A. Pandangan Teori
Belajar Konstruktivisme
Teori
Konstruktivisme didefinisikan sebagai pembelajaran yang bersifat generatif,
yaitu tindakan mencipta sesuatu makna dari apa yang dipelajari. Konstruktivisme
sebenarnya bukan merupakan gagasan yang baru, apa yang dilalui dalam kehidupan
kita selama ini merupakan himpunan dan pembinaan pengalaman demi pengalaman.
Ini menyebabkan seseorang mempunyai pengetahuan dan menjadi lebih dinamis.
Salah
satu prinsip psikologi pendidikan adalah bahwa guru tidak begitu saja
memberikan pengetahuan kepada siswa, tetapi siswa yang harus aktif membangun
pengetahuan dalam pikiran mereka. Tokoh yang berperan pada teori ini adalah
Jean Piaget dan Vygotsky. Teori Konstruktivisme didefinisikan sebagai
pembelajaran yang bersifat generatif, yaitu tindakan mencipta sesuatu makna
dari apa yang dipelajari. Beda dengan aliran behavioristik yang memahami
hakikat belajar sebagai kegiatan yang bersifat mekanistik antara stimulus
respon, kontruktivisme lebih memahami belajar sebagai kegiatan manusia
membangun atau menciptakan pengetahuan dengan memberi makna pada pengetahuannya
sesuai dengan pengalamanya.

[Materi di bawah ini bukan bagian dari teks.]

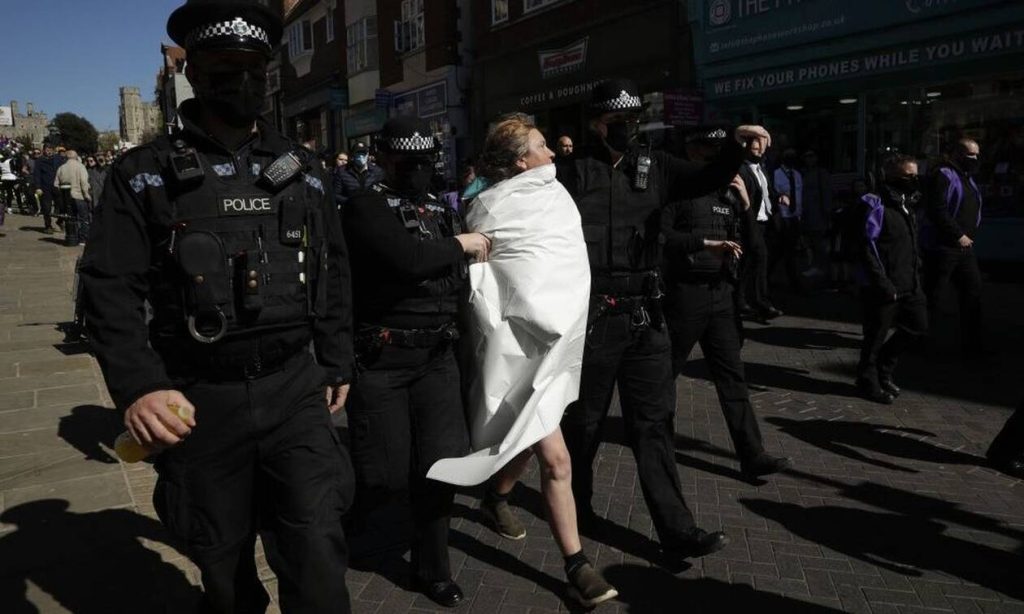 Κηδεία πρίγκιπα Φίλιππου: Γυμνόστηθη γυναίκα προκάλεσε συναγερμό στην Αστυνομία (βίντεο)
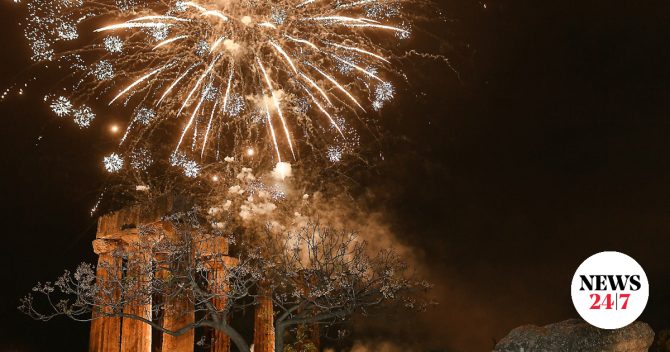 Τουλάχιστον 14 τραυματίες από βεγγαλικά μέσα σε ένα μήνα – Μπαράζ συλλήψεων χρήση κροτίδων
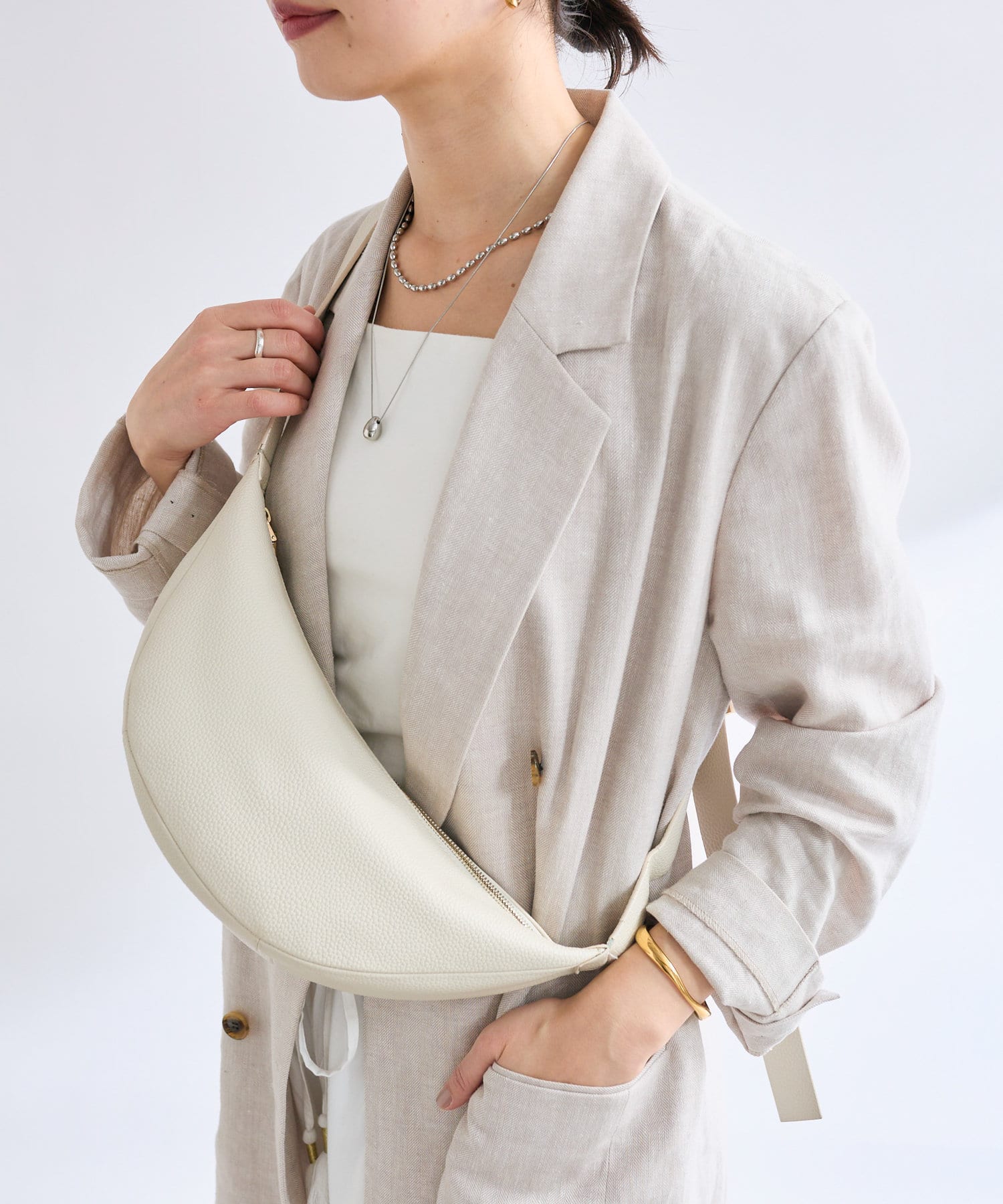 上品デザイン】カーブボディバッグ | RIVE DROITE(リヴドロワ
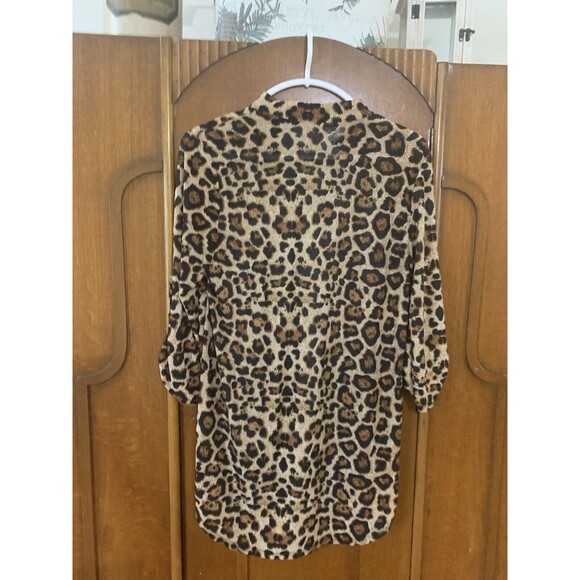 The Hanger Women’s Cheetah Long Sleeve Blouse. Size M. B30 - Picture 2 of 4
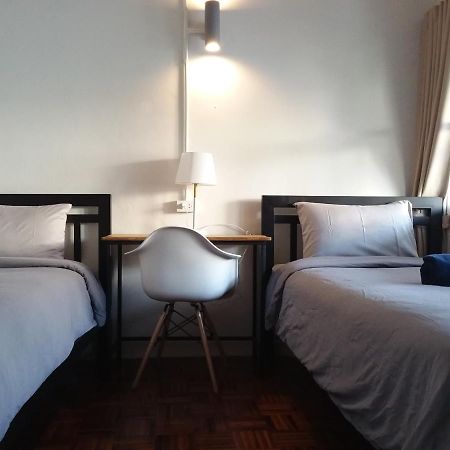 Pingplalee Female House Bed & Breakfast Bangkok Ngoại thất bức ảnh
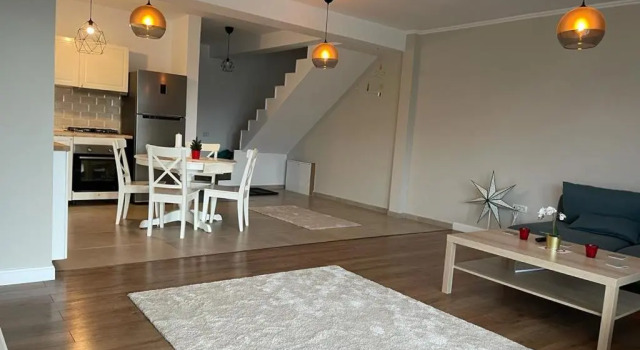 Vila De Lux In Otopeni 3 Dormitoare Si Living, Rezerwuj Hotel Hotele w Ilfov z parkingiem, Parking
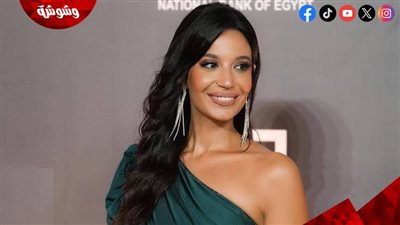 مريم الجندى تهتم بأخبار المشاهير فى 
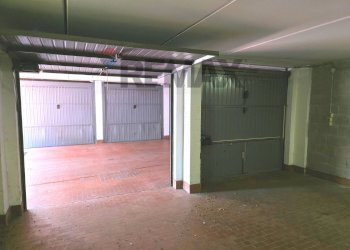 Parcheggio - Three-room apartment Via Labus
17, Milano - photo 34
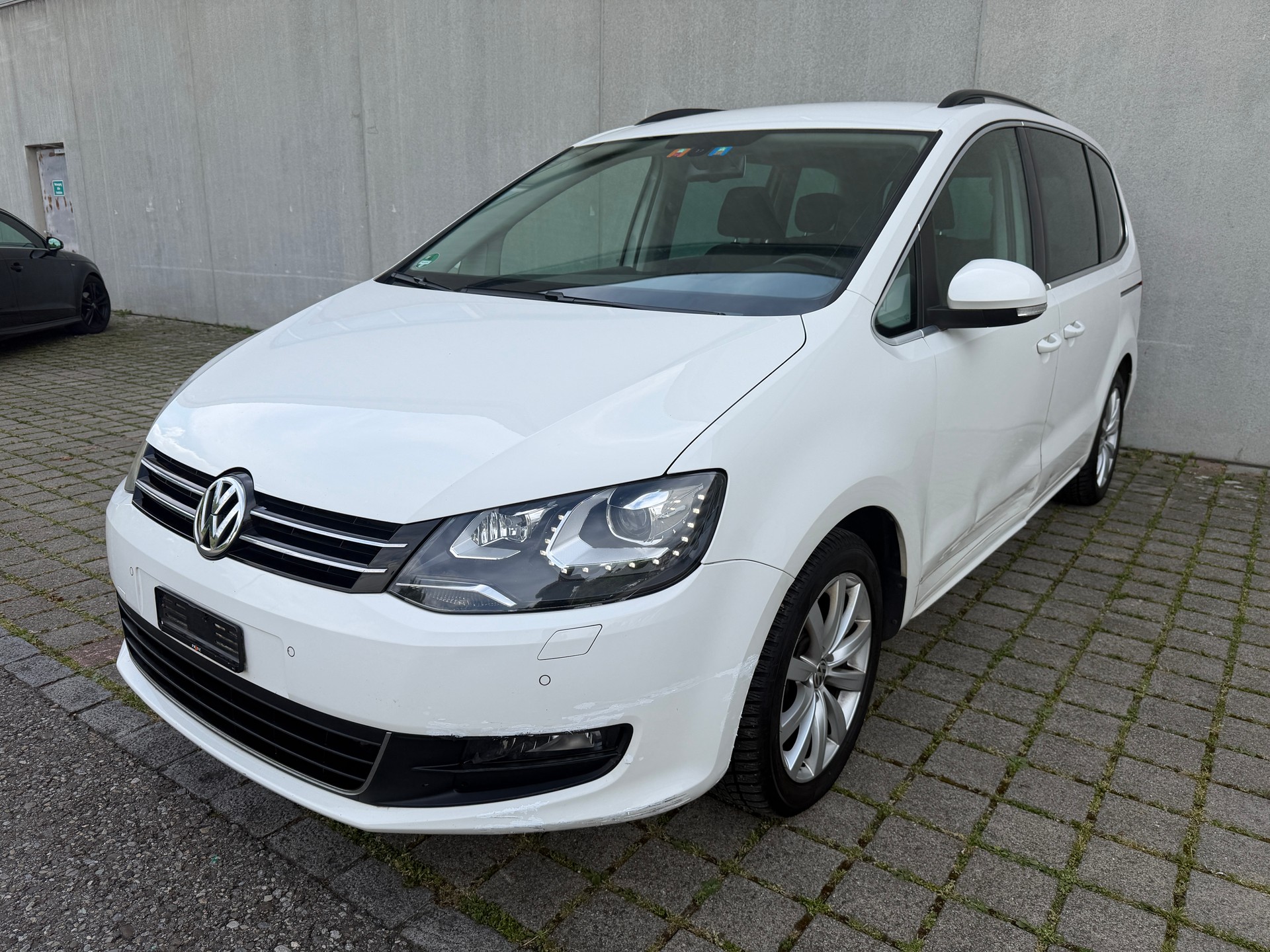 VW Sharan 2.0 TDI BlueMotion Technology Comfortline-image-0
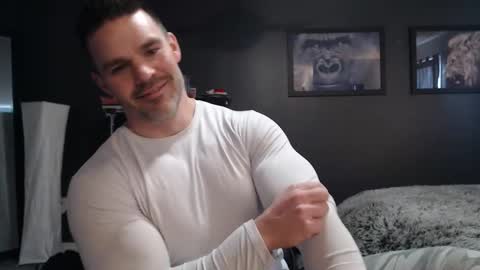 Snapshot of alexiarain chatting on February 19, 2025, 4:22 pm Alex online show from February 19, 2025, 4:22 pm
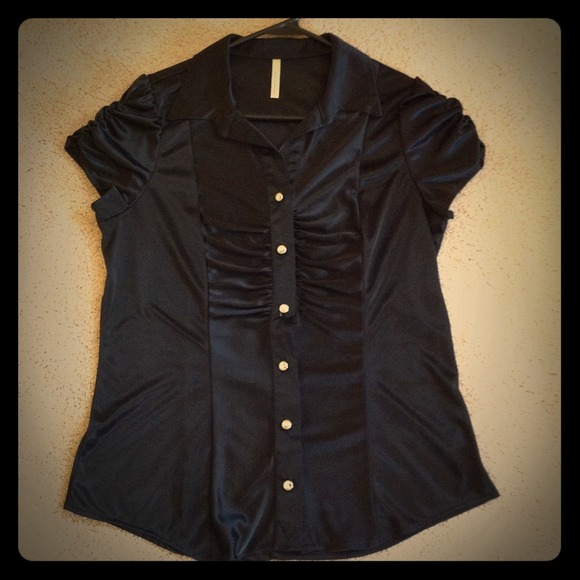 💢Reduced💢Black crystal button Top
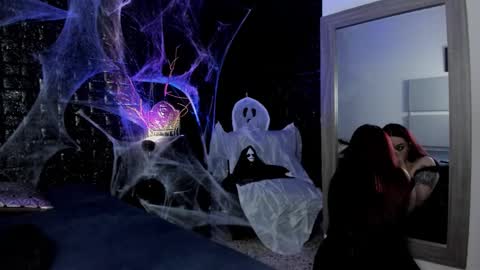 Snapshot of calliope_dark chatting on 31, 10, 2025 calliope_dark online show from 31, 10, 2025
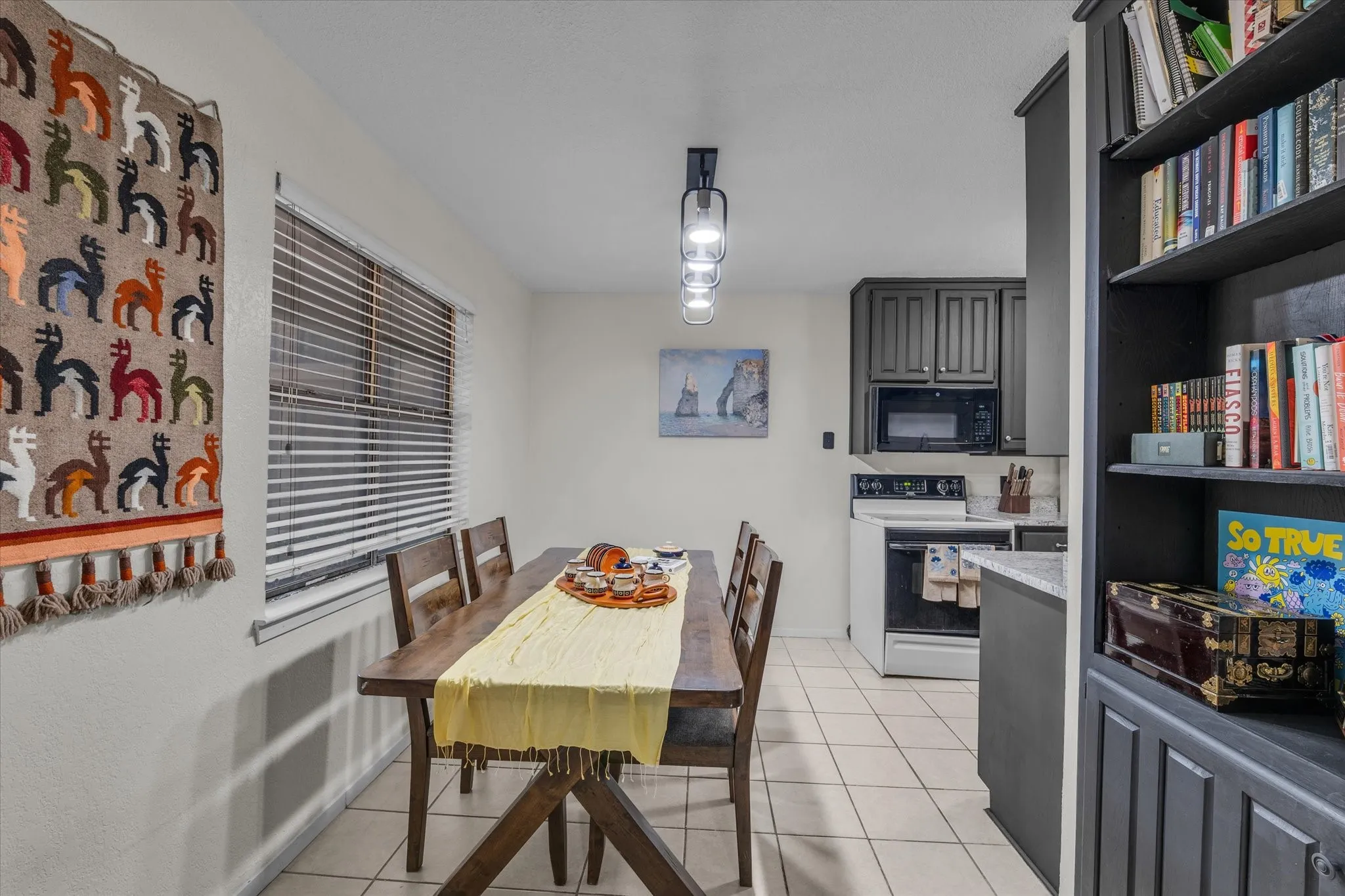 Condominium For Sale in Mc Lennan County , 1421 S 12th Street 103, Waco, Texas 76706, 2 Bedroom, 2 Bathroom, 1 Garage spaces, 832 Sqft, built in 1984, mls#21175691, Real Estate Agent in Waco, Homes For Sale in Mc Lennan county, Homes For Sale in Waco, Realtor in Waco Texas, Real Estate Brokerage Independent Realty Texas, Luminita Cordes Realtor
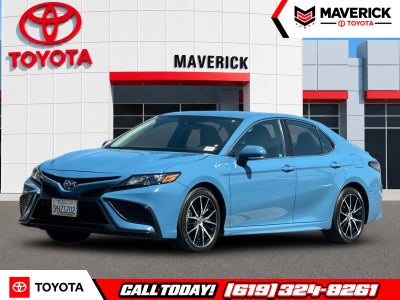 2024 Toyota Camry Hybrid SE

Konstruktivisme sebenarnya bukan merupakan gagasan
yang baru, apa yang dilalui dalam kehidupan kita selama ini merupakan himpunan
dan pembinaan pengalaman demi pengalaman. Ini menyebabkan seseorang mempunyai
pengetahuan dan menjadi lebih dinamis. Pendekatan konstruktivisme mempunyai
beberapa konsep umum seperti :
- Pelajar aktif membina pengetahuan berasaskan pengalaman yang sudah ada.
- Dalam konteks pembelajaran, pelajar seharusnya membina sendiri pengetahuan mereka.
- Pentingnya membina pengetahuan secara aktif oleh pelajar sendiri melalui proses saling mempengaruhi antara pembelajaran terdahulu dengan pembelajaran terbaru.
- Unsur terpenting dalam teori ini ialah seseorang membina pengetahuan dirinya secara aktif dengan cara membandingkan informasi baru dengan pemahamannya yang sudah ada.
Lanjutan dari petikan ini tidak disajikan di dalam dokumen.